Para Peduzzi, a falta de compreensão do conteúdo do instituto é um dos fatores que levam à prevalência da interpretação subjetiva do julgador, dificultando a uniformização de critérios - essencial na aplicação de sanções reparatórias - entre os juízos de primeira instância, os TRTs e o TST. É preciso dar integridade à aplicação da sanção reparatória, “a partir do exame de todas as características do fato, para se aproximar o mais possível de um ideal de eqüidade e justiça, evitando-se as disparidades entre as indenizações, que comprometem a segurança jurídica e a seriedade do instituto”, afirmou a palestrante. A ministra referiu-se, em especial, à necessidade de se prevenir o surgimento de uma indústria das indenizações.
Finalizando, Peduzzi frisou a importância de se promover uma eficiente política de prevenção ao assédio.

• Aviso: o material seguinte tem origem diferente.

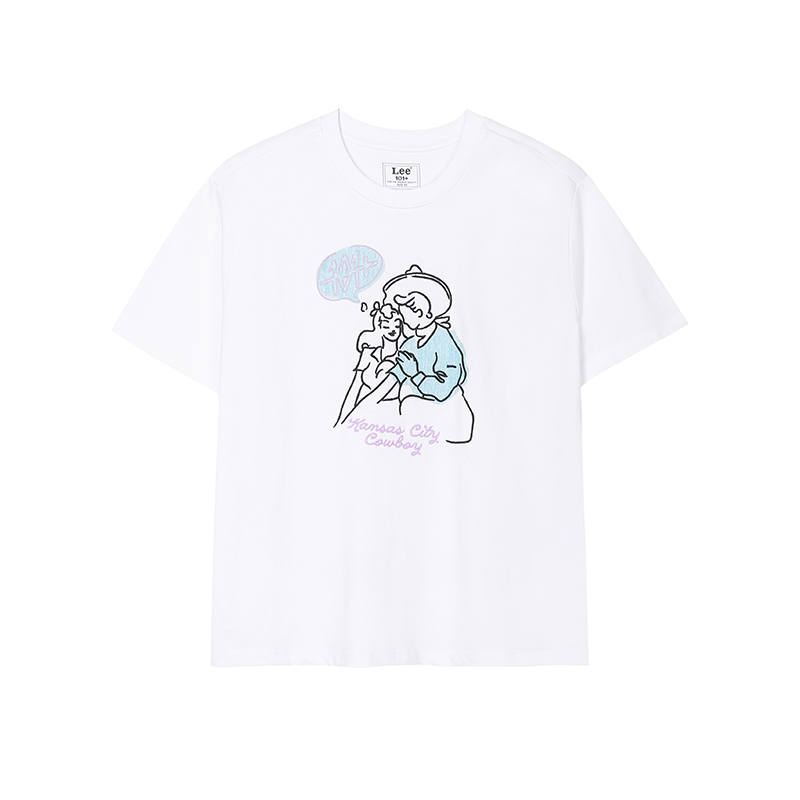Lee Lee T Shirts Women's White Crew Neck Moderate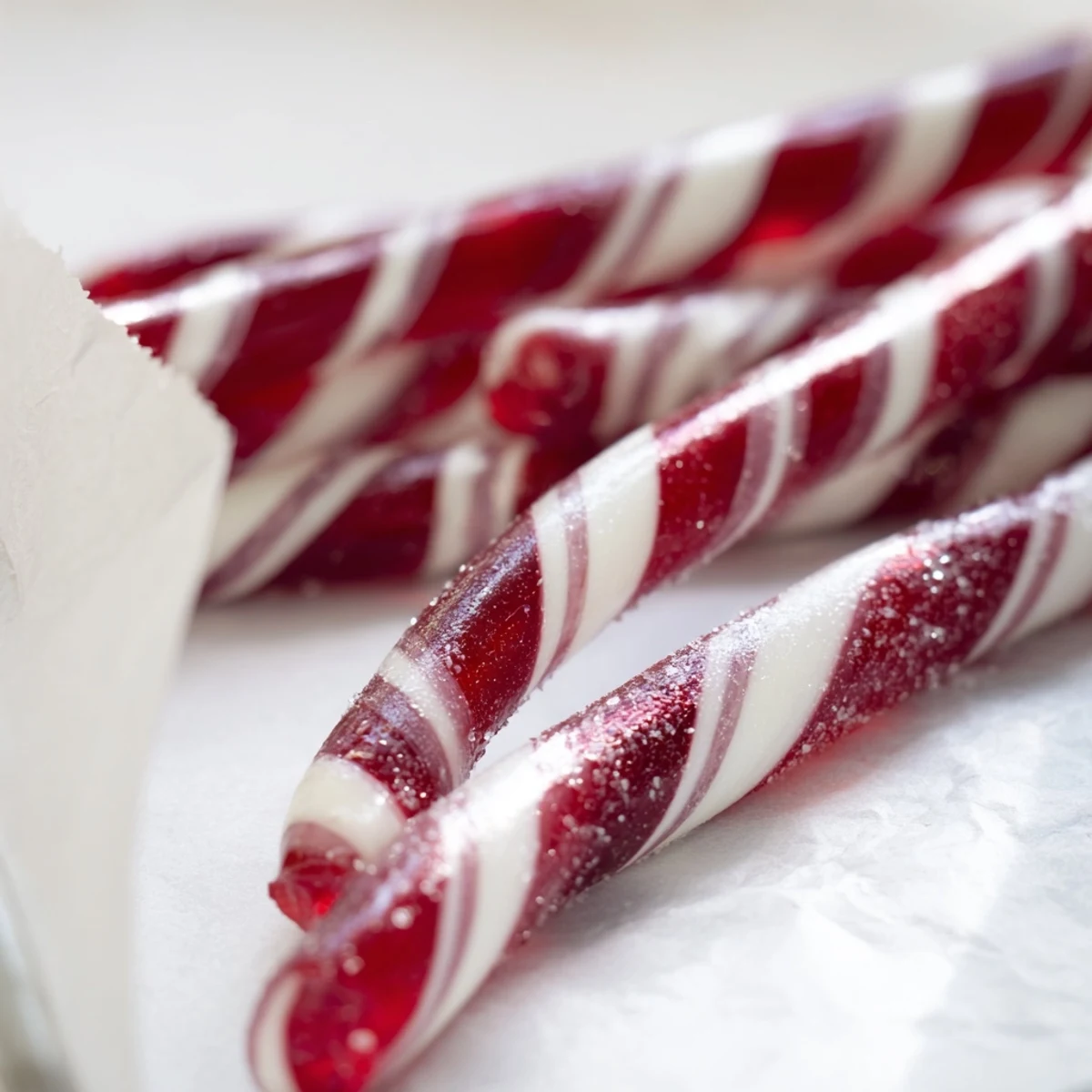 Close-up of freshly made candy sticks, showing their vibrant colors and perfect glaze.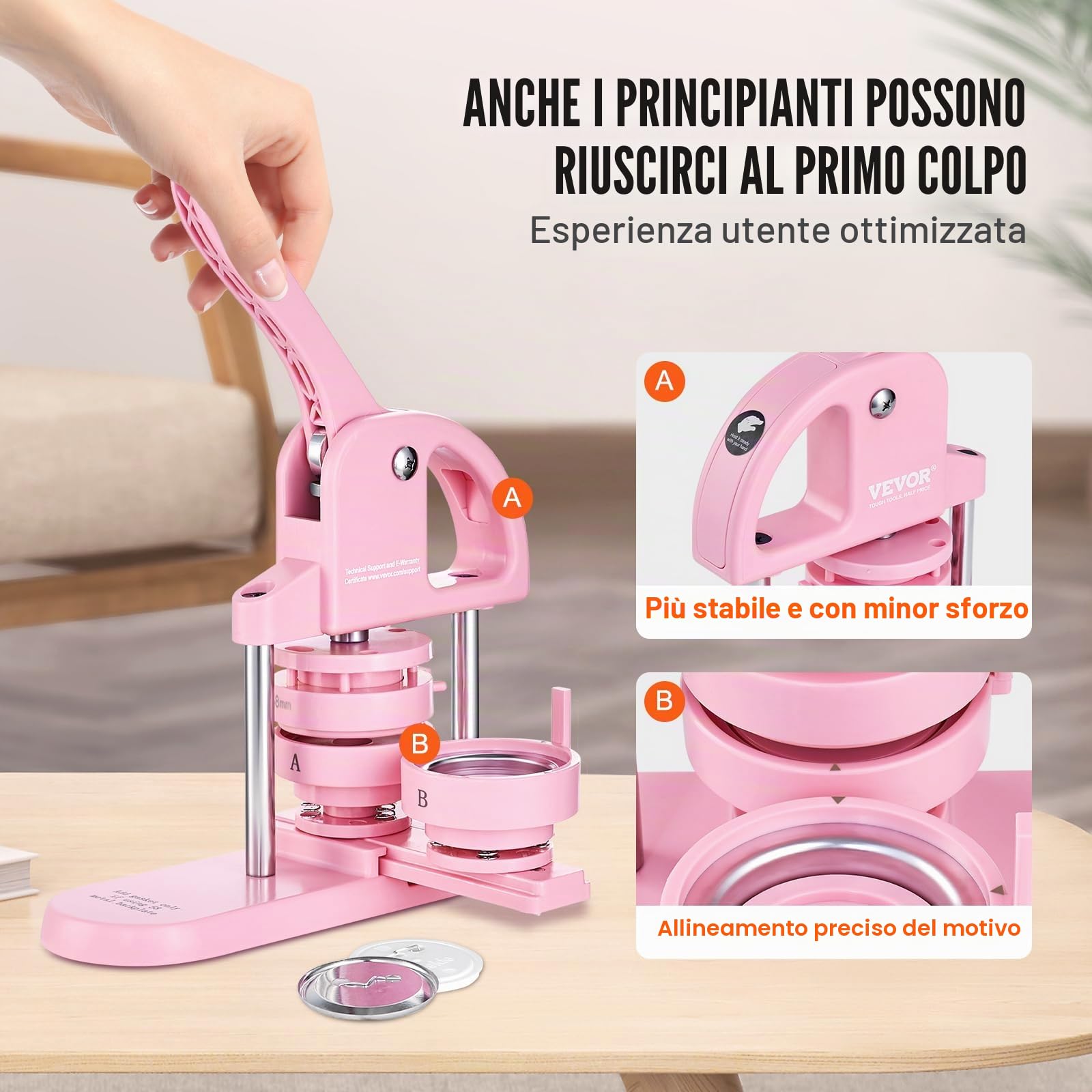 VEVOR Macchina per badge 25/32/58 mm, Pressa per badge con 300 kit di accessori, Kit fustellatrice manuale badge punzonatrice, Macchina per la creazione di badge rosa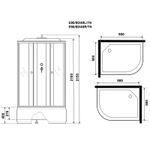 Душевая кабина Niagara Eco 90x80 R E90/80/40R/TN без гидромассажа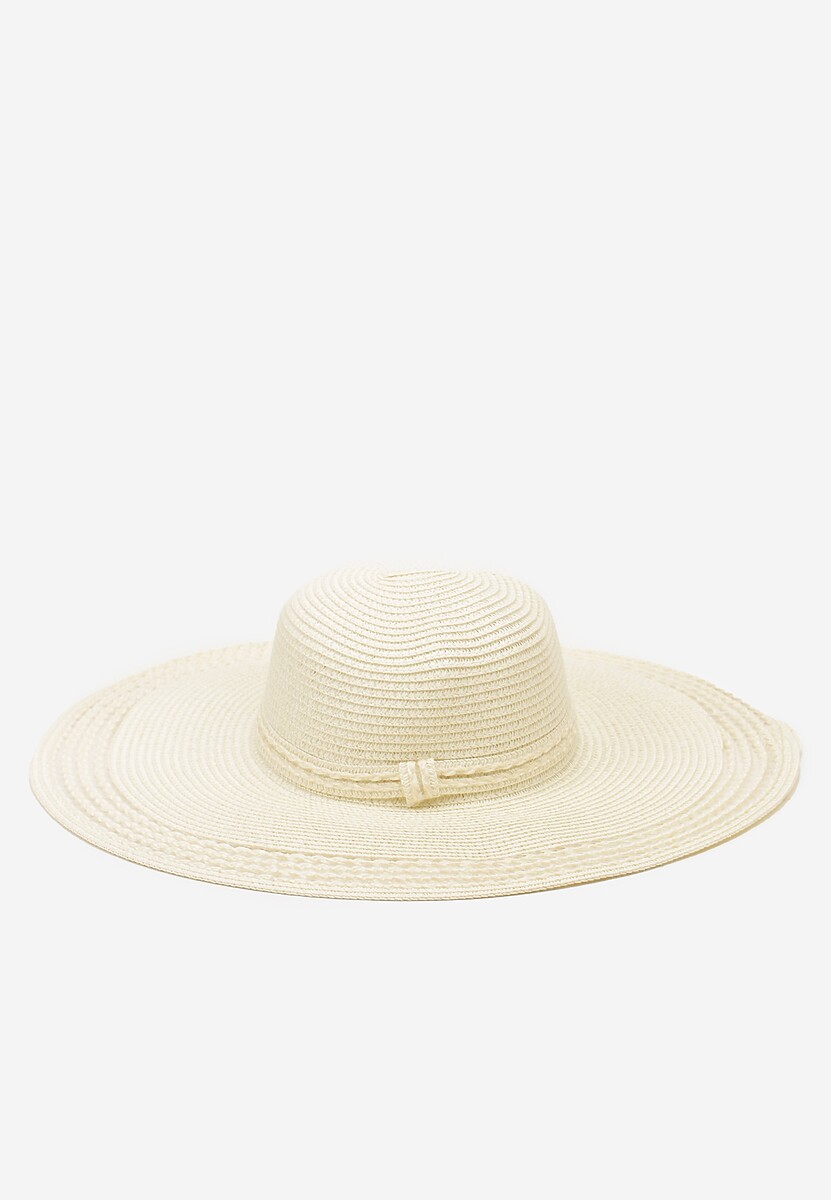 Biały Kapelusz Plażowy z Plecionki w stylu Boho Amicuralia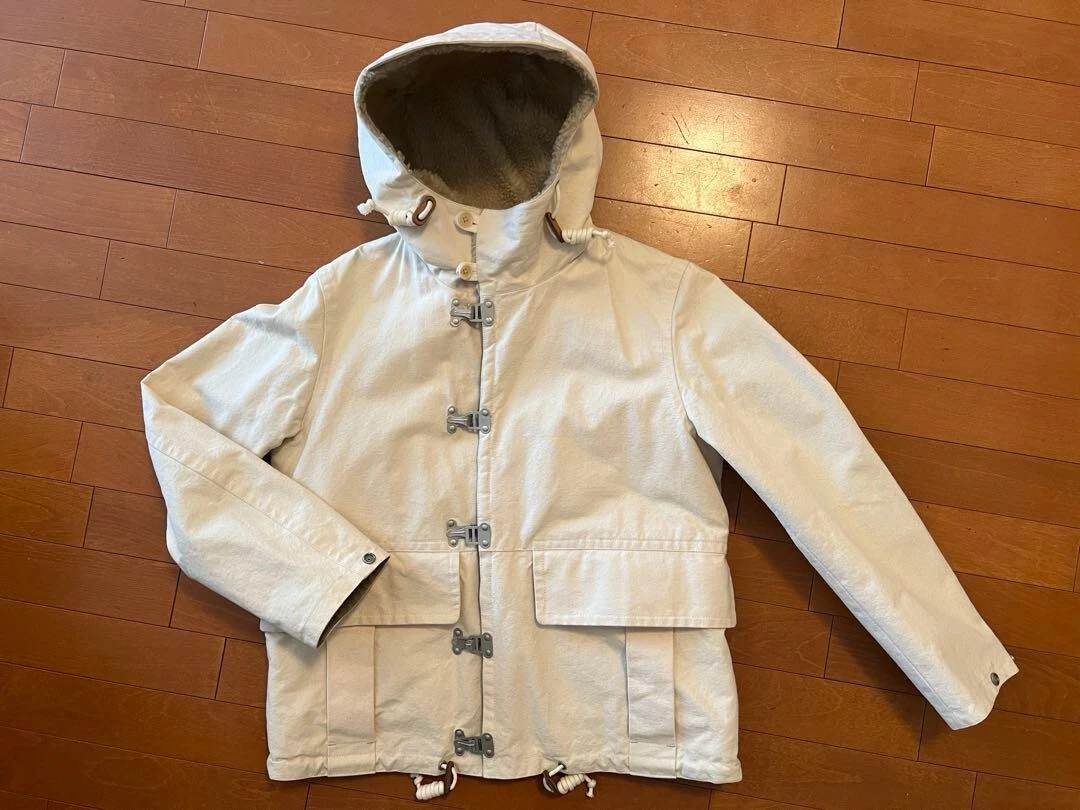 OFF WHITE Nigel Cabourn PILOT SMOCK Felpa con Cappuccio Giacca Blouson Uomo Taglia 48 Boa Off Bianco Cotone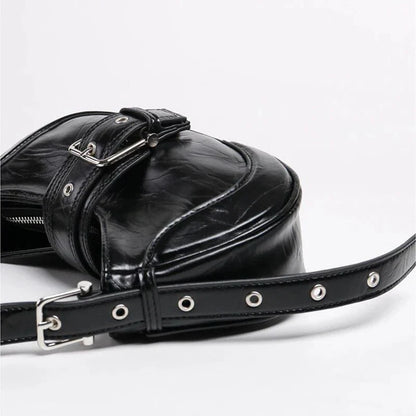 Chic Leather Half Moon Shoulder Hobo Bag in black, a luxurious and versatile accessory for modern women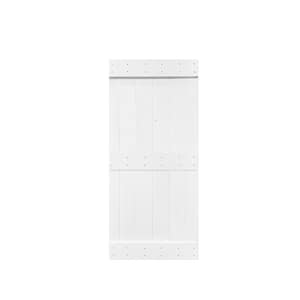 Mid-Bar Series 24 in. x 84 in. Pure White Knotty Pine Wood Interior Sliding Barn Door Slab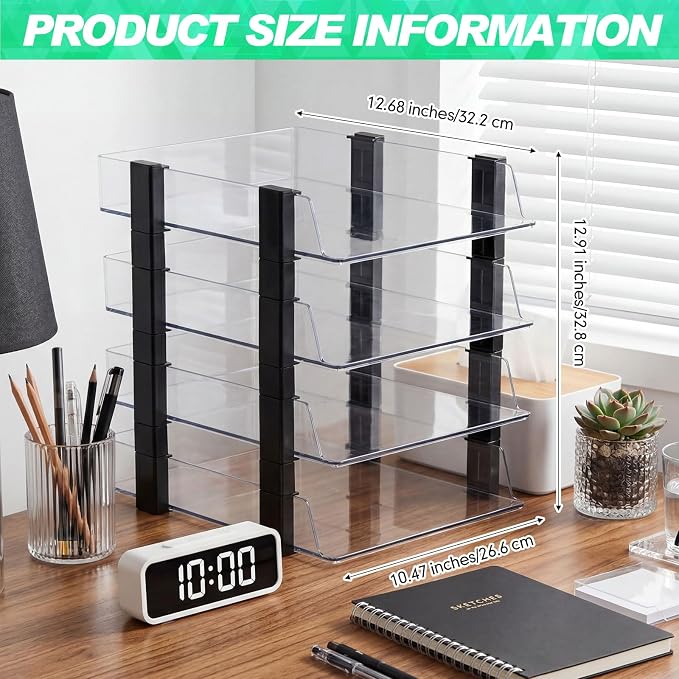SiliFine 4 Tier Clear Stackable Desk Organizer 12.68 x 10.47 x 12.91 Inch Plastic Letter File Trays Rectangular Paper Storage Holder for Office Desktop Document Classroom Hospital(Black)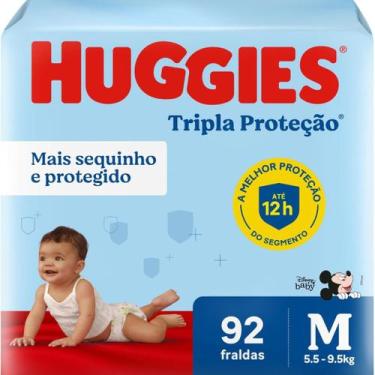Imagem de Fralda Huggies Tripla Proteção Hiper - Tamanho M - Com 92 Unidades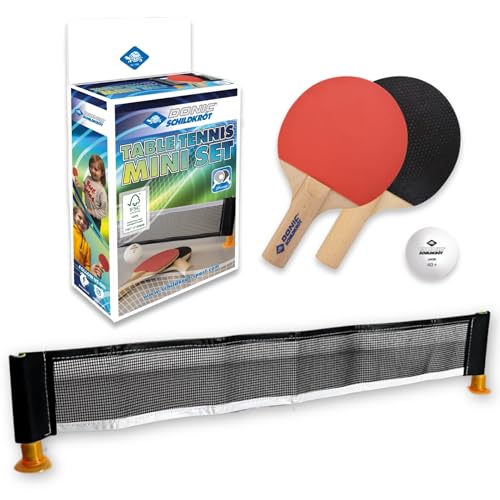 Donic-Schildkröt Tischtennis-Mini-Set FSC, Tischtennis im Miniformat, 2 FSC-Schläger, Netz mit Saugnapfpfosten, 1 Tischtennisball, in neuer Kartonverpackung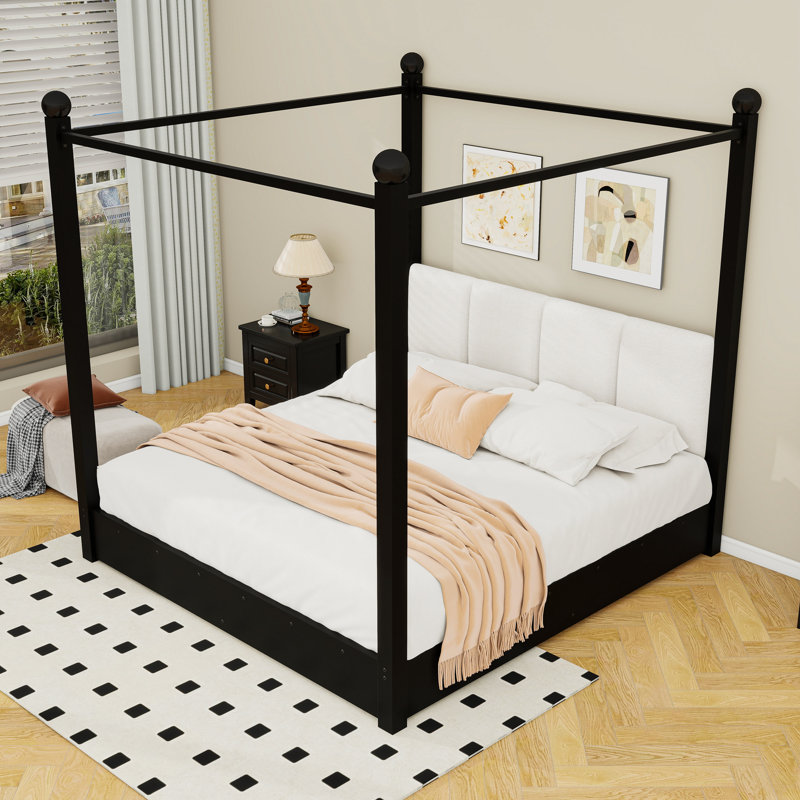 Lit plateforme à baldaquin avec tête de lit tapissier, Très grand lit, Noir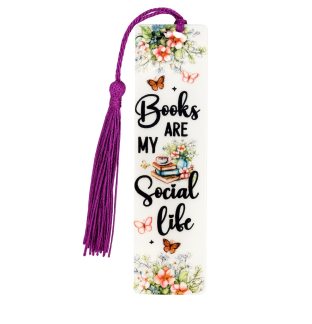Handmade Purple Tassel Books Are My Social Life Acrylic Bookmark Supporting Rare Invisible & Chronic Illness Awareness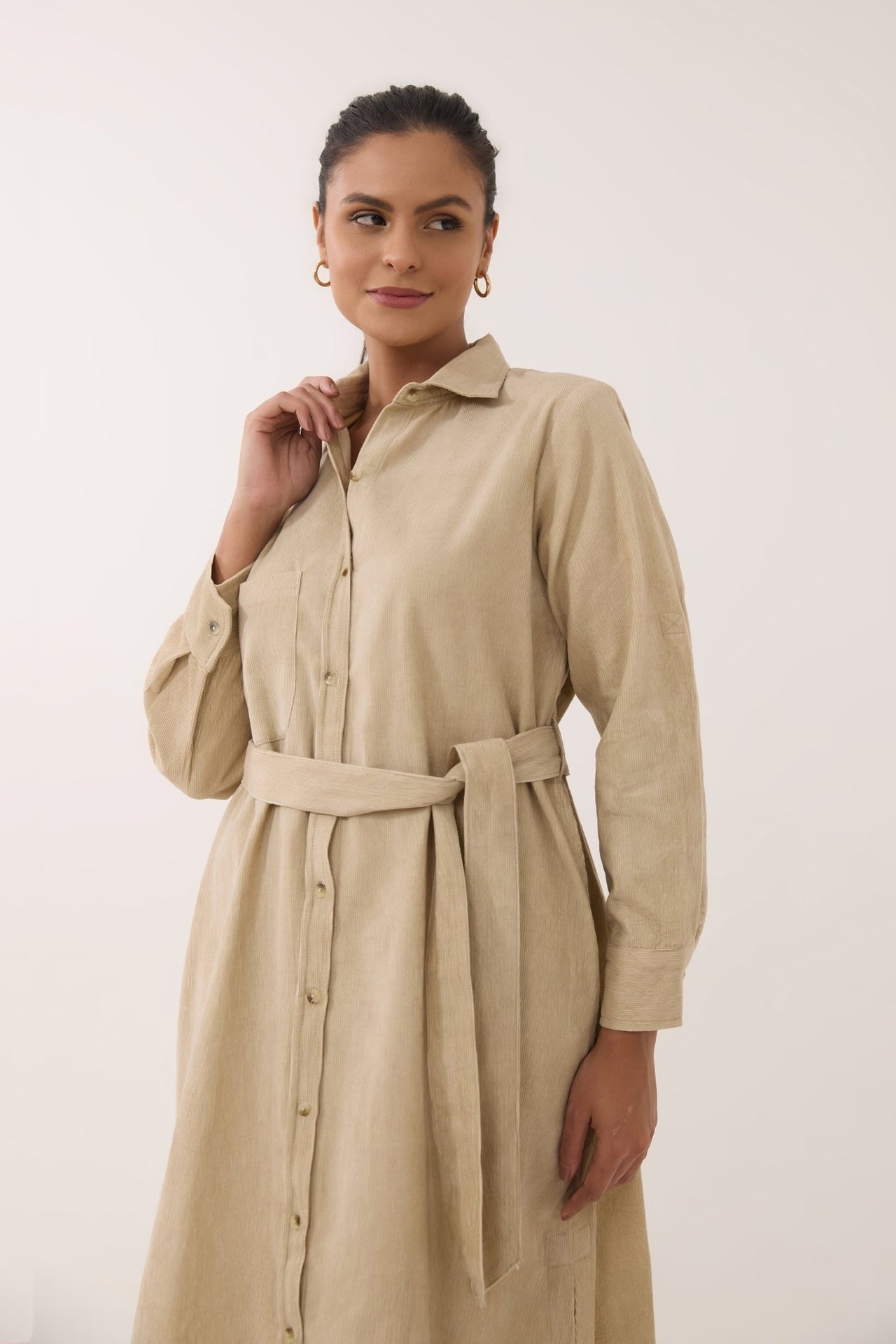 Sand Beige Corduroy Belted Shirt Dress - Tara - C - Tara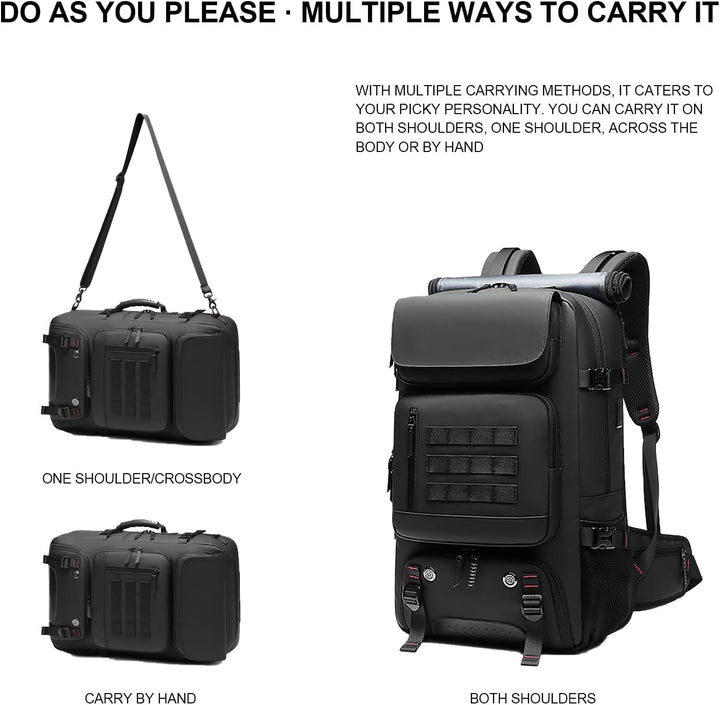 Stylish black waterproof travel bag with USB port, ideal for men & women on weekend trips or daily commute.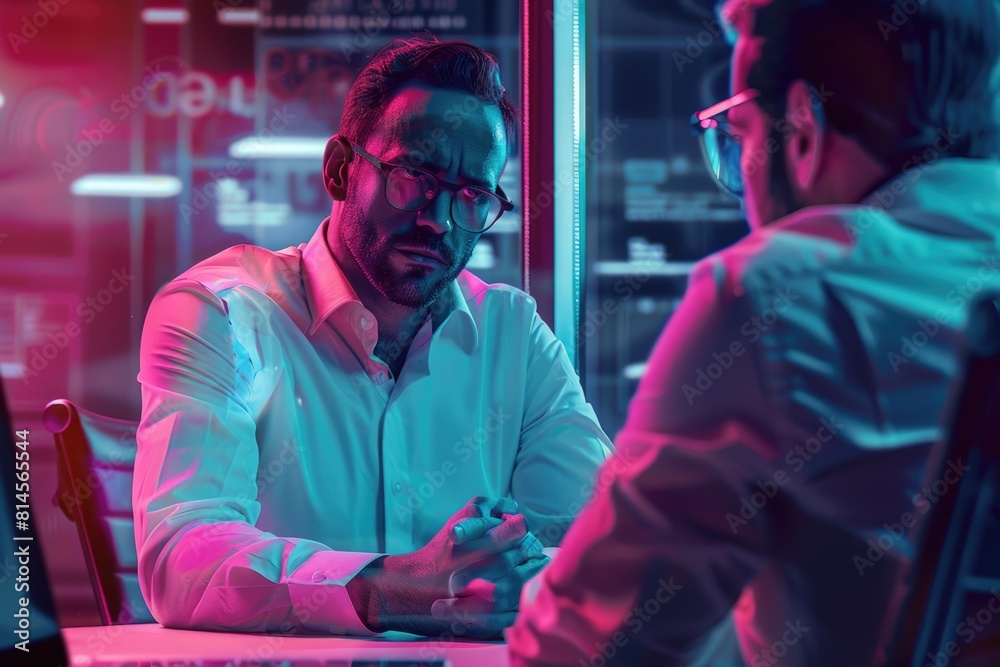 Obraz premium Two men sitting at a table with a laptop. Suitable for business and technology concepts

Advertiu que cabe sobretudo ao empregador implementar um clima de respeito e harmonia entre os empregados e entre estes e a direção da empresa, bem como fiscalizar e coibir essa prática no ambiente de trabalho. Até porque, reforçou a ministra, como responsável pelos atos de seus gerentes ou prepostos, caberá ao empregador responder por eventual dano moral por eles causado, conforme determina o Código Civil.